What is being asked. Beginning at the line containing "Studio B live", output every line to the end of the data below exactly as it appears.

Provided data.
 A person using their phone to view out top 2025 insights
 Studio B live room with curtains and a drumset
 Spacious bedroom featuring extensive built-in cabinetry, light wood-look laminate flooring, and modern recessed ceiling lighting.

Written response.
 Studio B live room with curtains and a drumset
 Spacious bedroom featuring extensive built-in cabinetry, light wood-look laminate flooring, and modern recessed ceiling lighting.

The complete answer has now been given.